In 1991 the shrine was visited by Myroslav Ivan Lubachivsky, the head of the Ukrainian Church, and in 1993 by archbishop Volodymyr Sterniuk, locum tenens of the Church in Ukraine in the years 1972–1991. In April 1995, mass celebrations were held commending the Ukrainian nation to the protection of the Mother of God, renewing the vows of Yaroslav the Wise made in 1037, and in 1996 celebrating the 400th anniversary of the restoration of communion with the Catholic Church in the Union of Brest. In July 1997, the beginning of the Ukrainian preparations for the Great Jubilee was officially announced here and in 1999, Ukrainian martyrs of the 20th century were commemorated. In 2000, Cardinal Lubomyr Husar celebrated the first Divine Liturgy in the newly built sobor of the Mother of God of Zarvanytsia. During the pilgrimage of Pope John Paul II to Ukraine in 2001, he prayed before the icon of the Mother of God of Zarvanytsia in the church of St. Nicholas the Miracle Worker on Askoldova Mohyla in Kyiv. In 2002 the Patriarchal Council of the Ukrainian Church was concluded in Zarvanytsia gathering Church delegates from around the world. In 2003, an ecumenical pilgrimage by the Orthodox Brotherhood of St. Andrew the First-Called Apostle was held. In August 2004, Zarvanytsia hosted an international pilgrimage of reconciliation between Poles and Ukrainians, led by Cardinal Husar and the Primate of Poland, Cardinal Joseph Glemp, together with fifteen bishops from both nations.

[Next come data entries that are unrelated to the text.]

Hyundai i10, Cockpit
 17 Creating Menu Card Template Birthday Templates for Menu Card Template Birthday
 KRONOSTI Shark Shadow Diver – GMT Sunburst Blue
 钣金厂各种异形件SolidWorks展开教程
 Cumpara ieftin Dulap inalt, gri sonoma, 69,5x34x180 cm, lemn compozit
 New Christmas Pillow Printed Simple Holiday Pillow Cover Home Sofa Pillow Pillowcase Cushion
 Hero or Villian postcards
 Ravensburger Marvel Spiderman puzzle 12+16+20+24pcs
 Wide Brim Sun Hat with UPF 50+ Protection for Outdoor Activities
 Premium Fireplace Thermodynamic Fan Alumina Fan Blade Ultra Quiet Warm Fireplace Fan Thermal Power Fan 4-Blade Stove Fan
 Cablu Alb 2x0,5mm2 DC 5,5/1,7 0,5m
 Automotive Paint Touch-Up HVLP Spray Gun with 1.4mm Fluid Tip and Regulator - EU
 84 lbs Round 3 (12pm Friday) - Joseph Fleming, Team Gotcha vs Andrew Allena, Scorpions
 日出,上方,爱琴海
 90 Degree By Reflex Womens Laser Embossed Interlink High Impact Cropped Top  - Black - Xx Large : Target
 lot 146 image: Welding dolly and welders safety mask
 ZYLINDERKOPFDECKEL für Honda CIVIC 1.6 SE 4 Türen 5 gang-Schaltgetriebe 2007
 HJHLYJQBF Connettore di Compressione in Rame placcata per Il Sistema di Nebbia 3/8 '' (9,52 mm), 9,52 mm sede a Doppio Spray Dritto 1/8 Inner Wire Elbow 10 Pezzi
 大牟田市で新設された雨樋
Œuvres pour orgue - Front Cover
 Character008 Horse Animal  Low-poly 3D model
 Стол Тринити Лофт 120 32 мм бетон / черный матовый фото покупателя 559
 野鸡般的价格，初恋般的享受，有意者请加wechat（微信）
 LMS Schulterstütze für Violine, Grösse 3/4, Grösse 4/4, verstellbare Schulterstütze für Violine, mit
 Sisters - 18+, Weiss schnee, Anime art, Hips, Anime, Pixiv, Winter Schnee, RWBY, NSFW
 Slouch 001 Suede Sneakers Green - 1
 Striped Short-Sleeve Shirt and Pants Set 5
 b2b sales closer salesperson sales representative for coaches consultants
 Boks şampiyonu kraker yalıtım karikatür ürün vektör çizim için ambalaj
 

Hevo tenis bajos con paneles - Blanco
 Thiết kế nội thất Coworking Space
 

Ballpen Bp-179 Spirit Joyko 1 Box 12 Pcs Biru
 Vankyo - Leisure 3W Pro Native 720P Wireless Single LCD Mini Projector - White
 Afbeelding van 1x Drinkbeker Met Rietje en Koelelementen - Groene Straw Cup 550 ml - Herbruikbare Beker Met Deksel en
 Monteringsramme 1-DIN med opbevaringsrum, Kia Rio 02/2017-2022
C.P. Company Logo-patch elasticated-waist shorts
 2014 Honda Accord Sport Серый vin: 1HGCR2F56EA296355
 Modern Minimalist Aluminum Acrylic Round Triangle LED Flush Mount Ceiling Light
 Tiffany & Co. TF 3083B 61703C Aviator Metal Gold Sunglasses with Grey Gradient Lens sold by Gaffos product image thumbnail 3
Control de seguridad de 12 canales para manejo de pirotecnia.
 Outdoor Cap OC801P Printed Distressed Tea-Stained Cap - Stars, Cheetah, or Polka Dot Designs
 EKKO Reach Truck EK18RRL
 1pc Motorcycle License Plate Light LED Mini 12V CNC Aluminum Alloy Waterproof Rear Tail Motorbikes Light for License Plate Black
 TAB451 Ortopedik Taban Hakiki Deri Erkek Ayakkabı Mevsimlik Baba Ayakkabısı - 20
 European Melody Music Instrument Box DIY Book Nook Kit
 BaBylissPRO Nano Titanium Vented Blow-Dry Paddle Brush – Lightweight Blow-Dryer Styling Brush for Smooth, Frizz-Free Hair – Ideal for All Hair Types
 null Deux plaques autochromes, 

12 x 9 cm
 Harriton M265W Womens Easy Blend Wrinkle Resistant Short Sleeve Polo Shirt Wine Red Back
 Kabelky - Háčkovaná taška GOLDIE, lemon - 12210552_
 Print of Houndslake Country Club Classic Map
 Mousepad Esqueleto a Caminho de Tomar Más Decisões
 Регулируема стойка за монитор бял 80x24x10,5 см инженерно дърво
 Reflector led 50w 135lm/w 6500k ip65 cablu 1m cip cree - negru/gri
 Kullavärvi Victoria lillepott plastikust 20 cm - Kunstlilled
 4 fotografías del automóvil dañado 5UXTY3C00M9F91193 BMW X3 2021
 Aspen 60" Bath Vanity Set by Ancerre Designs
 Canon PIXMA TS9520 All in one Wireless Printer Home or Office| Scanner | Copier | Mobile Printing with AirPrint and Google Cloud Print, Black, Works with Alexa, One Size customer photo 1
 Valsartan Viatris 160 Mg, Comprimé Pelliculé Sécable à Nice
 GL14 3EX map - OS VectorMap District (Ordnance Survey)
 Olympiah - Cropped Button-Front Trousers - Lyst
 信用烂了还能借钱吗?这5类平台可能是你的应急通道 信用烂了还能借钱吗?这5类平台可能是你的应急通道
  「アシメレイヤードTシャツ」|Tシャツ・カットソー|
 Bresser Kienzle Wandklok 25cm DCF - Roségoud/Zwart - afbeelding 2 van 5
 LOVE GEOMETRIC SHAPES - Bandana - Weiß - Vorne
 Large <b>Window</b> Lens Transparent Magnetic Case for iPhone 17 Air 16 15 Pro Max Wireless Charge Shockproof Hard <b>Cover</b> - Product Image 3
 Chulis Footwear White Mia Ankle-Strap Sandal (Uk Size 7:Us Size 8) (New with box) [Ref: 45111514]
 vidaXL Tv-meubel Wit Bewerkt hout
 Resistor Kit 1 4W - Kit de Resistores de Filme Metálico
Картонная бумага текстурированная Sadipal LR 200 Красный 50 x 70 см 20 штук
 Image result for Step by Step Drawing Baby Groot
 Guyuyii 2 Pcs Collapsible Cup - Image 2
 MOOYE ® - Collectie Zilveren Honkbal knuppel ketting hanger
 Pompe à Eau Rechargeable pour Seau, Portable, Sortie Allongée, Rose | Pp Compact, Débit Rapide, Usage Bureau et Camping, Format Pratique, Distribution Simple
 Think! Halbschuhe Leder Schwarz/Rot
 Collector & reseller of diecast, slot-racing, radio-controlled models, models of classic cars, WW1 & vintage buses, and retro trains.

The new church, largest in the Podolia and visible far outside the village and well inscribed into the landscape, has a single nave Byzantine cross-dome plan with five cupolas representing Christ and the four Evangelists. Along with the gates, the church of Annunciation, bell tower and chapels it has been built largely by donations from the Ukrainian diaspora as the country's economic situation is still ravaged by extreme poverty.

Along with the Holy Dormition Lavra in Univ and the monastery of the Basilian Fathers in Krekhiv, Zarvanytsia is one of the most important pilgrimage sites in Ukraine. It is the destination of an annual youth pilgrimage and numerous eparchial pilgrimages from the farthest corners of Ukraine and Ukrainian parishes abroad and even some Latin rite faithful from neighboring countries such as Poland and Slovakia.

Until 18 July 2020, Zarvanytsia belonged to Terebovlia Raion. The raion was abolished in July 2020 as part of the administrative reform of Ukraine, which reduced the number of raions of Ternopil Oblast to three. The area of Terebovlia Raion was merged into Ternopil Raion.